Subject: Re: mechanised documentation and my business model solution
From: "Ben Tilly" <btilly@gmail.com>
Date: Mon, 27 Mar 2006 11:02:31 -0800

 Mon, 27 Mar 2006 11:02:31 -0800
On 3/26/06, Rich Morin <rdm@cfcl.com> wrote:
> At 10:33 PM -0800 3/25/06, Ben Tilly wrote:
> > On 3/25/06, Rich Morin <rdm@cfcl.com> wrote:
> >> At 6:55 PM -0800 3/25/06, Ben Tilly wrote:
> > I didn't use wikis as an example.  I used source control
> > systems, of which there are many, and which generally
> > support versioning pretty well.
>
> Versioning is central to the task of source code control.
> So, these systems spend quite a bit of effort on the issue.
> Most wikis do not, but they may borrow some functionality.

Yes, they do.  And the people who've actually written them have
realized that a relational database system does NOT offer much utility
to help someone who wants to build one of these, and so they don't use
relational database systems.

> For example, TWiki (a file-based wiki) keeps its files in
> RCS.  This solves part of the versioning problem, but not
> all of it.  CVS or Subversion would certainly solve other
> issues, if either could be shoe-horned in.  In any case,
> we've exceeded both my interest and expertise.

If you want to succeed in your goal, I'd suggest focussing your
interest and improving your expertise.  Versioning is a hard problem. 
And it is critical to how software developers work.  If you think that
you want documentation to be versioned, I can guarantee that you'll
encounter lots of developers who want it to be versioned along with
their software.

Heck, at $work we have a bug-tracking/request ticket system that we
hook into source control in the stupidest possible way.  (If a checkin
refers to rt/xxxx, that checkin resolves that ticket.)  And we get an
immense amount of value out of being able to tie together those two,
even in as simple a way as that.

> > * Tree-like data structures don't play well with a RDBMS.
>
> Trees (and, more to the point, graphs) are hard to map onto
> RDBMSs and SQL.  FWIW, Joe Celko has a book on the topic:
>
>   "Joe Celko's Trees and Hierarchies in SQL for Smarties"
>   Morgan Kaufmann, 2004, ISBN 1-55860-920-2

I know that.  I've read his book.  I already gave you the condensed
version, which was, "Tree-like data structures don't play well with a
RDBMS."  If you need to make them play together, there are a number of
ways of trying to do so, each of which makes different tradeoffs.  In
particular since people more often are reading trees than writing
them, there is a strategy that he recommends which makes reads cheap
but writes expensive.

> However, the strengths of this approach are sufficient that
> many graph-based systems (eg, Protege) are based on RDBMSs,
> though not always in a way that makes DBMS experts happy.

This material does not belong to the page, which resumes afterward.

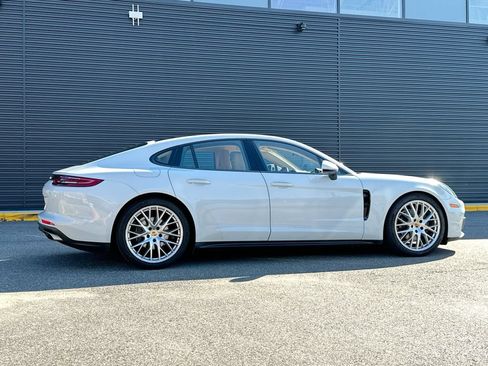 Used 2018 Porsche Panamera 4 AWD/4WD image 8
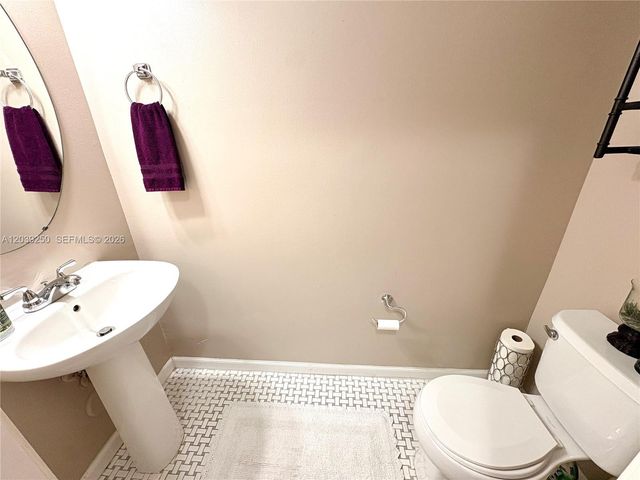 9481 Bradshaw Ln, Tamarac, FL 33321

I'm not saying that RDBMSs are a bad tool.  Despite the disadvantages,
they have lots of things to recommend them.  However they aren't
well-suited to addressing versioning.

You may choose to use one despite my criticism, but I'm saying that,
"makes versioning simple" should not be listed as one of the big
benefits.

> > * RDBMS are usually not set up to efficiently store many
> >   versions of the same document.
>
> Given the cost of current and upcoming storage media, great
> storage inefficiencies may be quite acceptable.  Also, note
> that systems such as RCS spend CPU cycles (and the user's
> time) to gain storage efficiency.  This may not be the best
> trade-off, particularly when searching is involved.

Let's think about a revision control system that took this attitude. 
Suppose we have a moderate sized project that several developers have
been working on for a couple of years.  Say 100,000 lines, broken up
into 100 files of average size 1000 lines.  Each file has been through
200 versions.  The average line is 60 characters long.  That makes
each file about 60K in size, times 200 is 12 MB per file.  Times 100
files is 1.2 GB of data.  Actually it will be larger than that,
because the largest files will also have the most revisions.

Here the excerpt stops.